During her visit to Israel, Makone met Emmanuel Antebi, the founder of Nikuv, which made her aware of the link between Pedstock and Nikuv.
Makone said she financed the irrigation project out of her own pocket. She paid Pedstock, which she believed was just an agricultural company, $20 000 for the equipment.
She said the irrigation covered half a hectare of her two-hectare stand. She said she knew about the company because it was situated on a road she used when going home.
Makone said there was nothing sinister about the fact that she gave business to Pedstock because it had “appeared [to be] just like any other business”.
She also said Pedstock’s service in the business of installing and servicing irrigation systems was “unparalleled” in Zimbabwe and she did not know of any other business that offered that type of equipment.
But now that the links to Nikuv had surfaced, Makone said she was “concerned”. Pedstock office staff who spoke to the M&G did not deny that the company is related to Nikuv but refused to divulge the nature of the relationship.
They said the department that could answer questions about the company’s ownership and its directors was closed. They refused to give the names of senior managers of the department who might be able to provide the information. On Pedstock’s website, the company gives a Mount Pleasant address but does not list the names of its managers or the board or directors.
Khuphe could not be reached for comment. She was said to be in Malawi representing the party at the Southern African Development Community summit scheduled to take place in Lilongwe on Saturday.
Zanu-PF presidential candidate President Robert Mugabe secured 61.09% of the vote to Tsvangirai’s 33.94%, but Tsvangirai has described the election as a sham and declared the results “null and void”.
He filed a petition in the Constitutional Court on Friday August 9 seeking the nullification of the results.
He also wants fresh elections within 60 days. Tsvangirai petition will be heard on Saturday.
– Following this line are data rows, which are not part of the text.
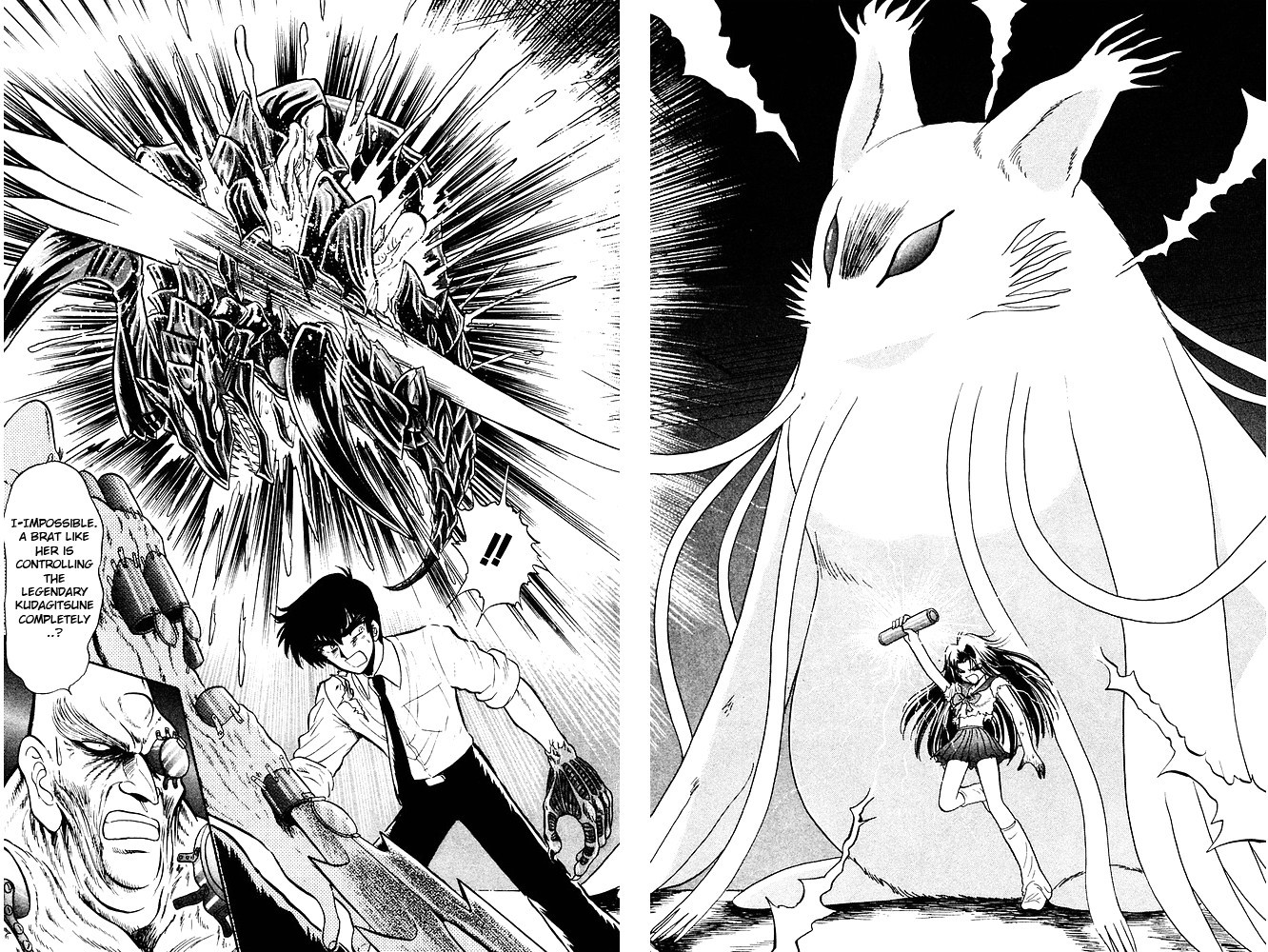 Jigoku Sensei Nube chapter 260 page 21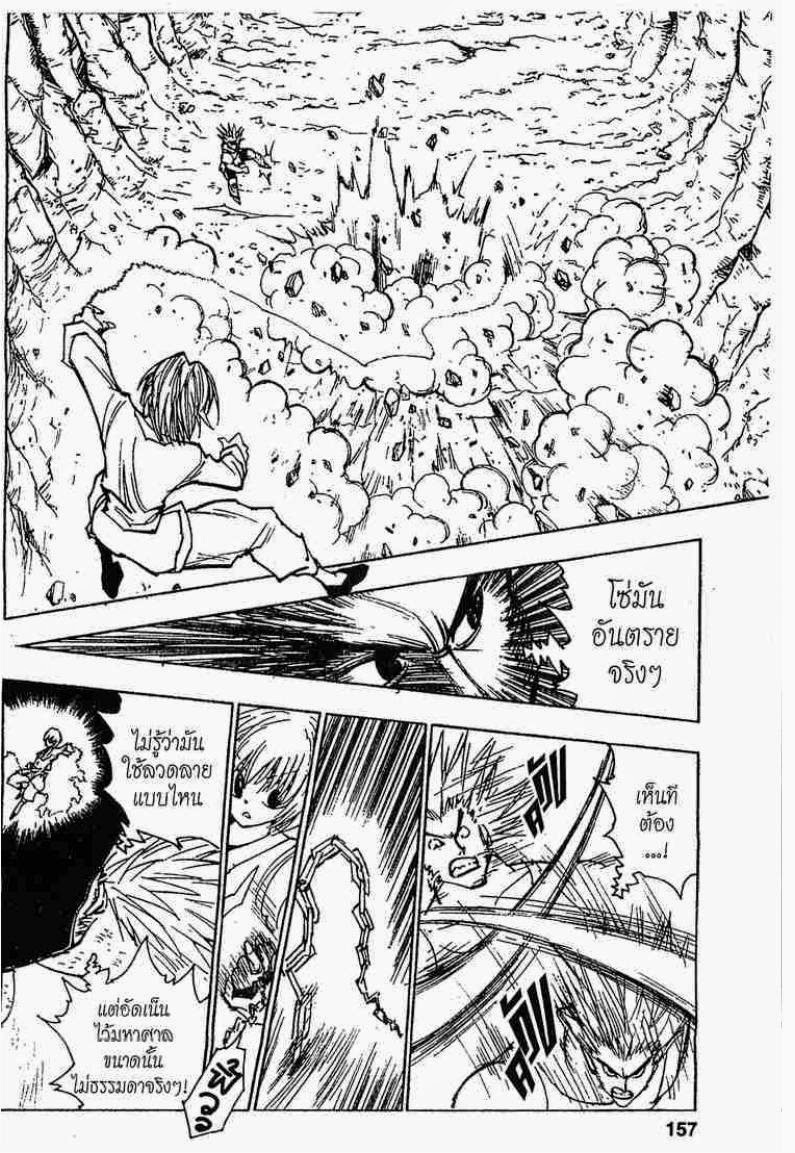 Hunter x Hunter ตอนที่ 82 หน้า 5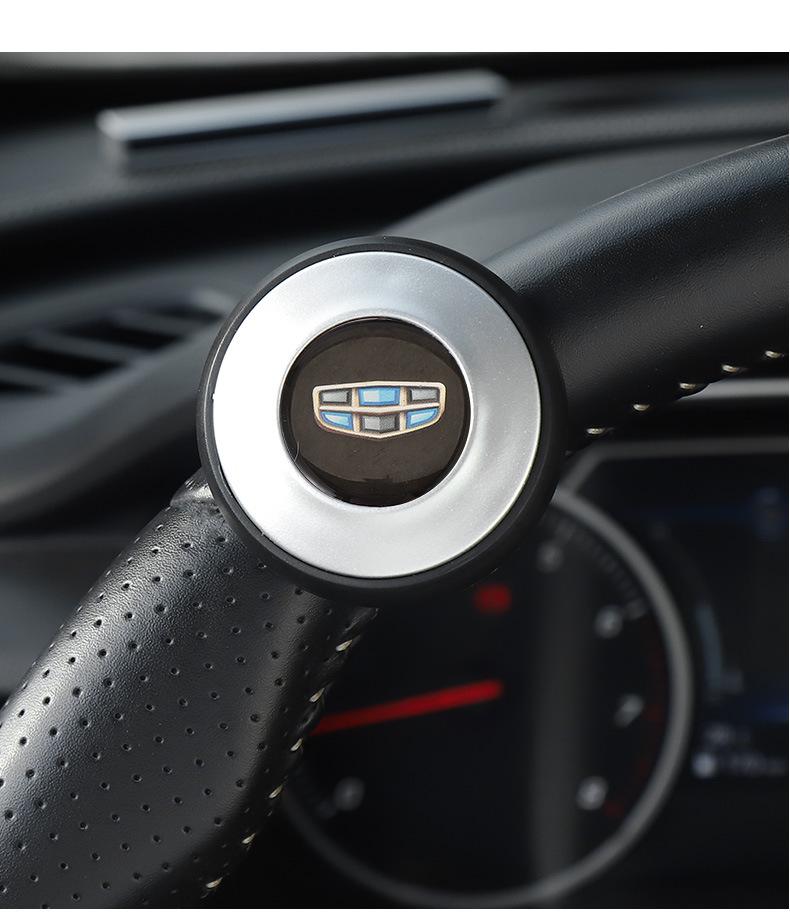 Steering Wheel Silicone Power Ball - Effort-Saving Auxiliary Bearing for Cars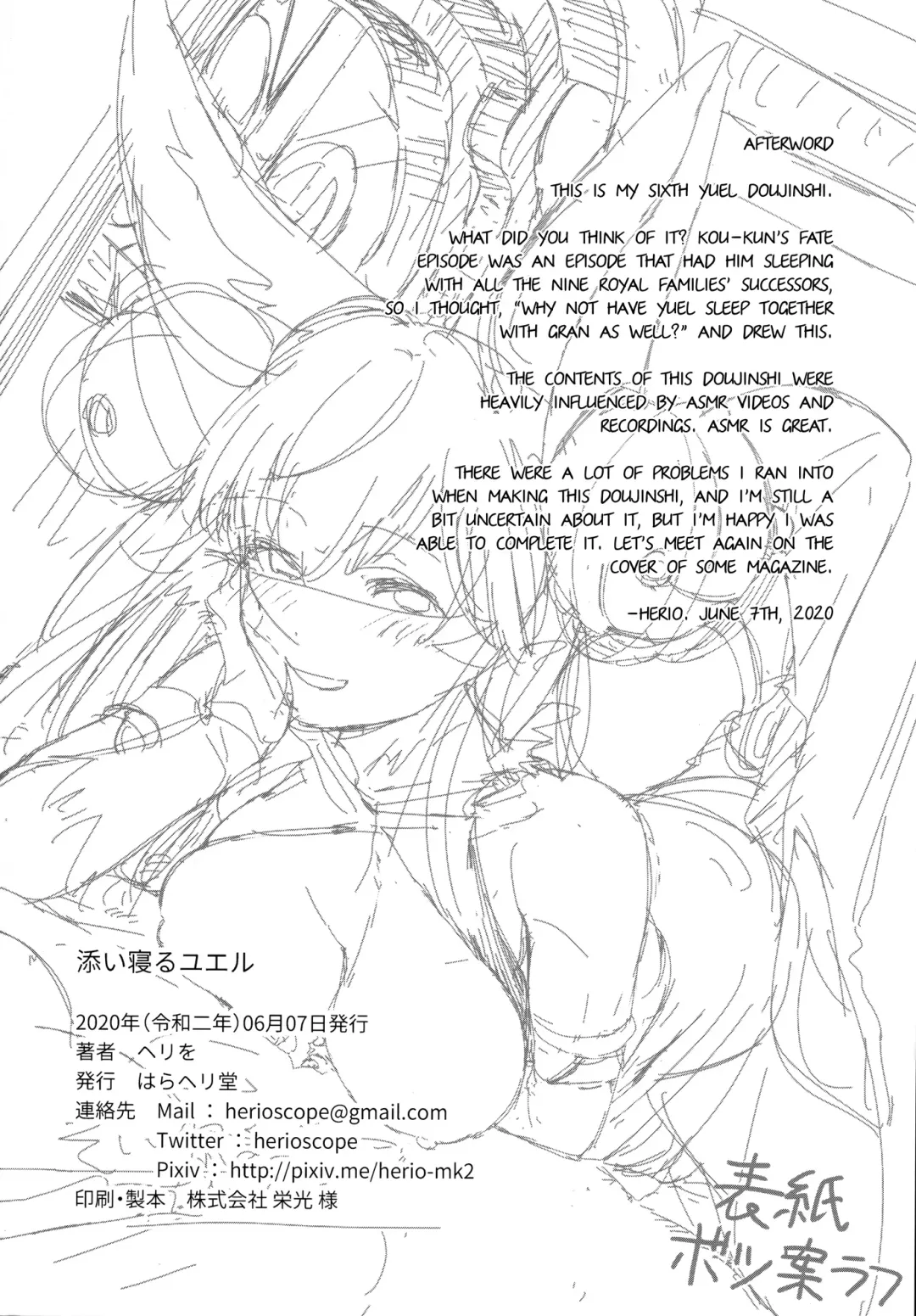 [Herio] Soineru Yuel Fhentai - Page 29
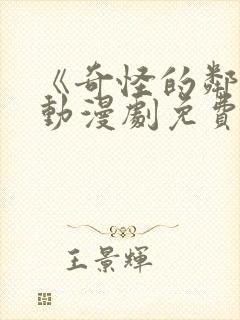 《奇怪的邻居》动漫剧免费观看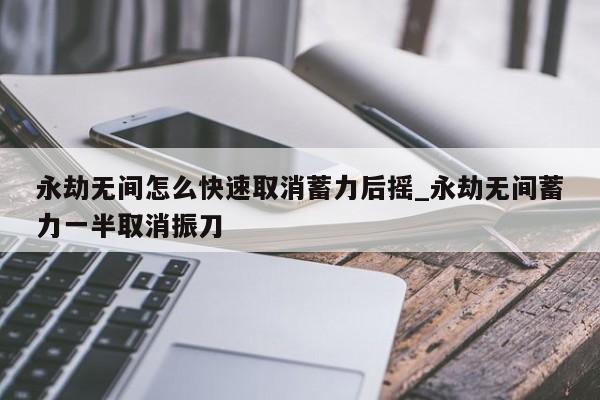 永劫无间自动振刀辅助封号吗_永劫无间振刀辅助_永劫无间振刀以后怎么连招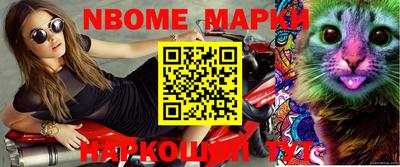 кокаин премиум Пугачёв
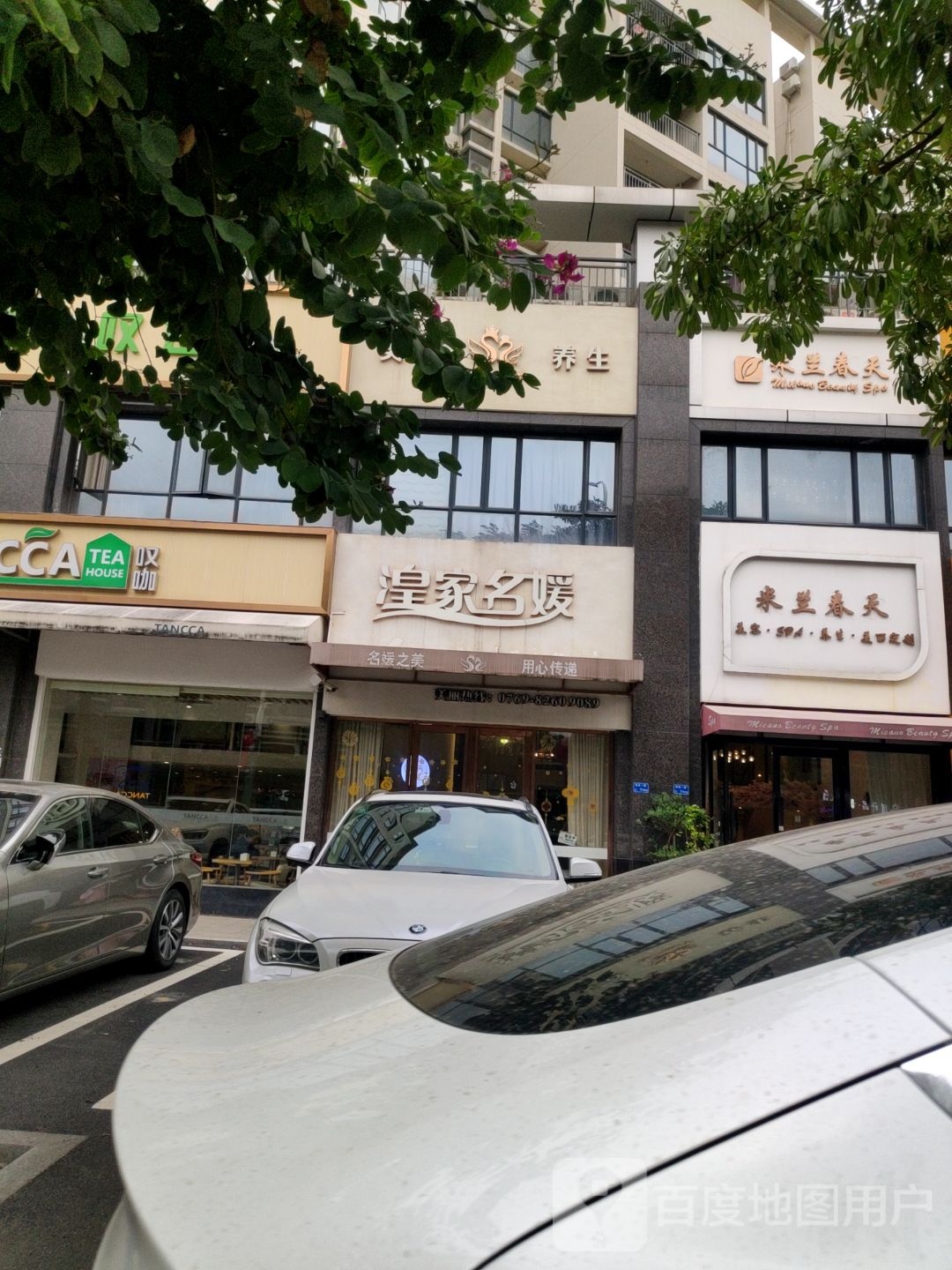 米兰春天美容SPA养生会所(柏峰一路店)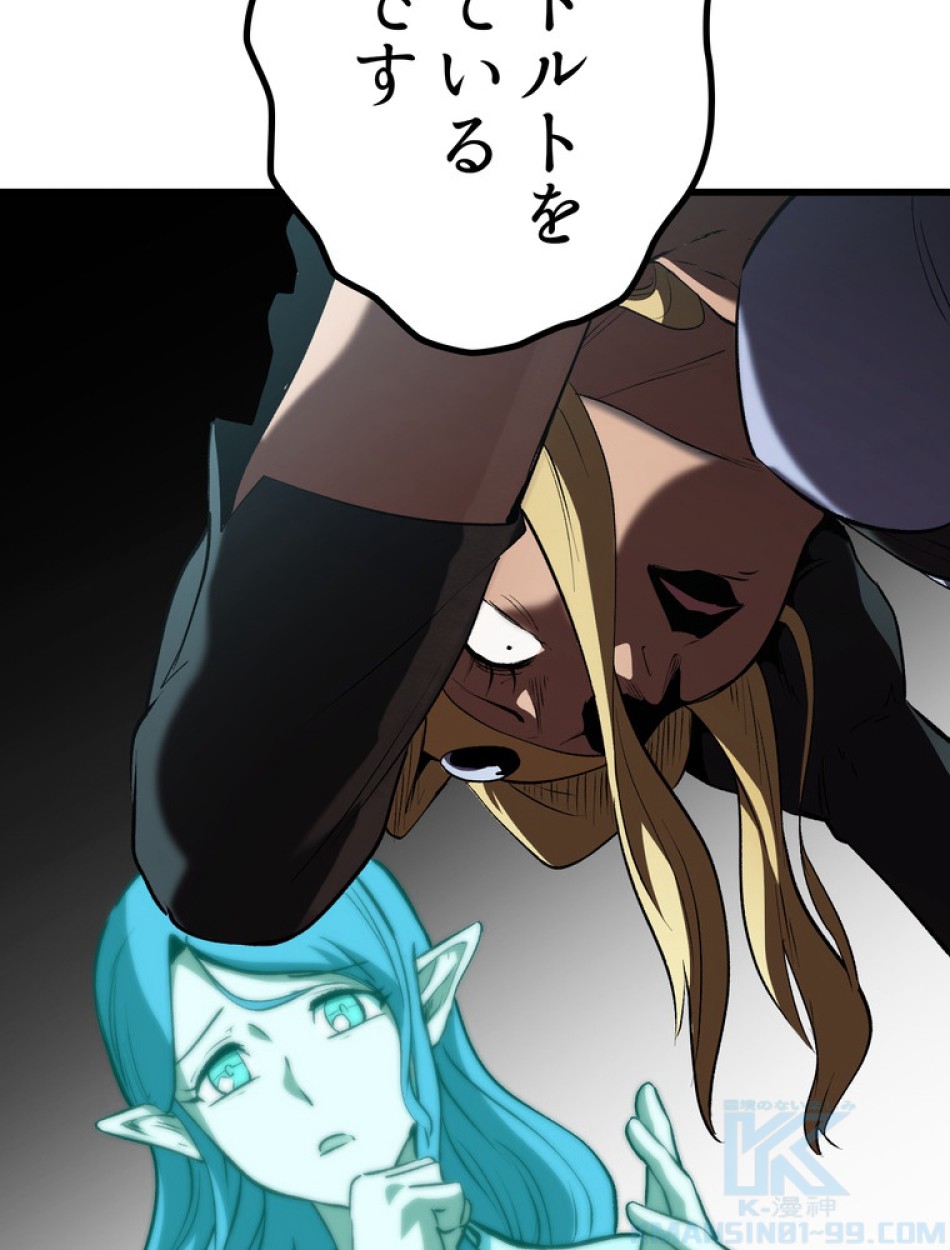 異世界剣王生存記 第154話 - Trang 140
Tsvangirai cites a number of irregularities, among them Nikuv’s role in manipulating the voters’ roll, which led to the disenfranchisement of thousands of people.
He also argues that the voters’ roll, which was allegedly prepared by the registrar general’s office with the assistance of Nikuv, had many double entries, raising the possibility of double voting.
A dossier of evidence has also been supplied to regional leaders ahead of SADC summit.
Among other things, it has records of payments from the registrar general’s office to Nikuv.